Settlements reached with DME suppliers

The OIG's Provider Investigations unit investigates and reviews allegations of fraud, waste and abuse involving Medicaid providers. Based on an investigation's findings, OIG actions can include education, prepayment review of claims, penalties, required repayment of Medicaid overpayments and/or exclusion from the Medicaid program. Among the results for Provider Investigations cases settled by Litigation for the third quarter were several involving durable medical equipment suppliers (DMEs).

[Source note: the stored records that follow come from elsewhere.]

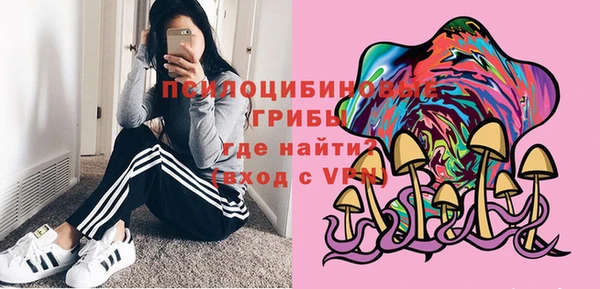 спиды Алзамай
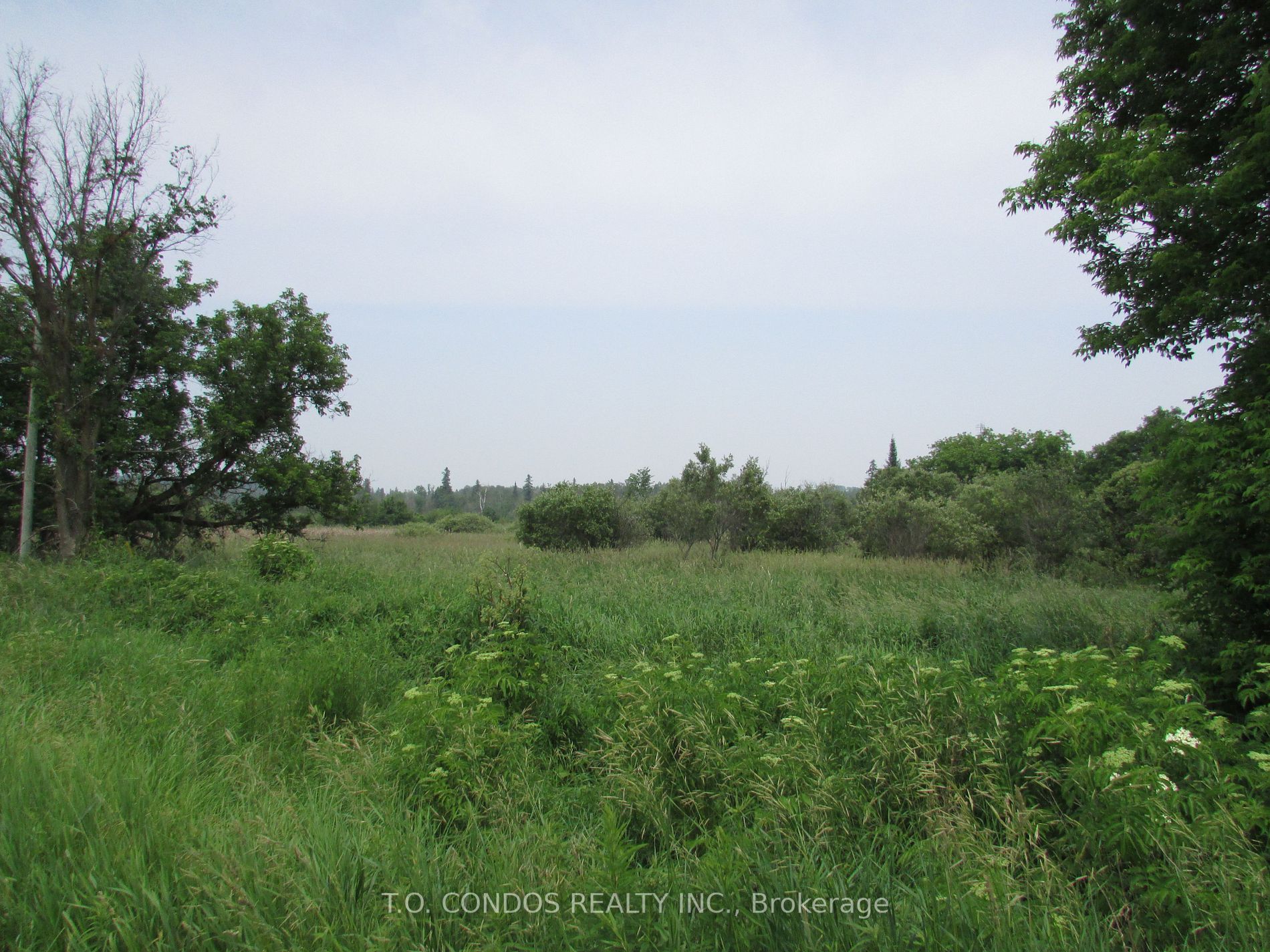19633 Highway 48 Acre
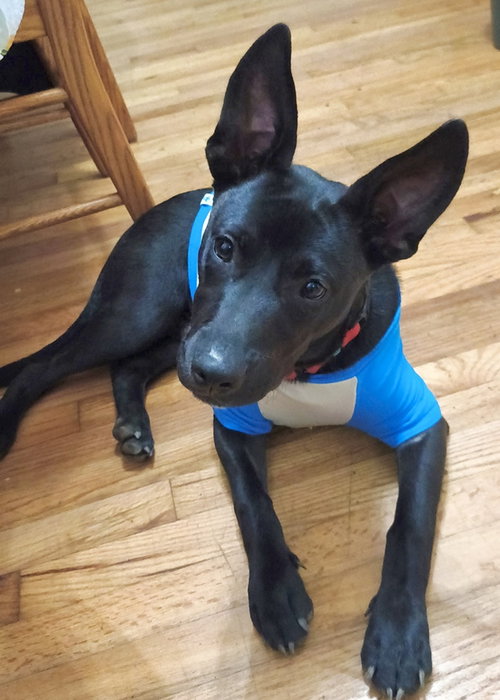 TOM (MEMORIE'S PUPS) - Labrador Retriever / Shepherd available for adoption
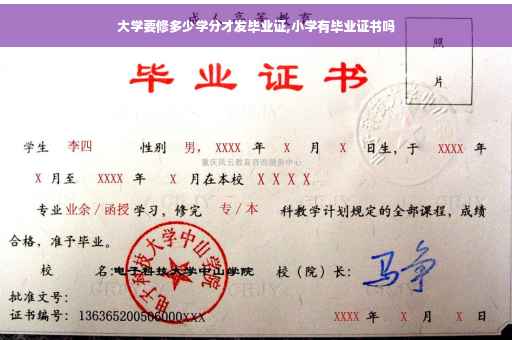 大学要修多少学分才发毕业证,小学有毕业证书吗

The OIG settled a case against an Austin-based durable medical equipment supplier that is one of the largest in the state. The investigation found evidence supporting one or more alleged program violations consistent with missing and insufficient doctor authorization. The provider agreed to a settlement of $103,845. An investigation of a DME supplier’s billing between 2014 and 2018 found claims for supplies that were not supported by inventory records and never provided to clients, and billed for items missing a doctor’s authorization; the provider in Mission agreed to a settlement of $349,963. A case that was transferred from the Texas Medicaid Fraud Control Unit involved a DME supplier in Hidalgo County. An inventory analysis revealed that the provider did not purchase sufficient supplies to justify their claims submitted to Medicaid. The provider worked collaboratively with OIG Litigation to resolve these issues and agreed to a settlement of $120,000.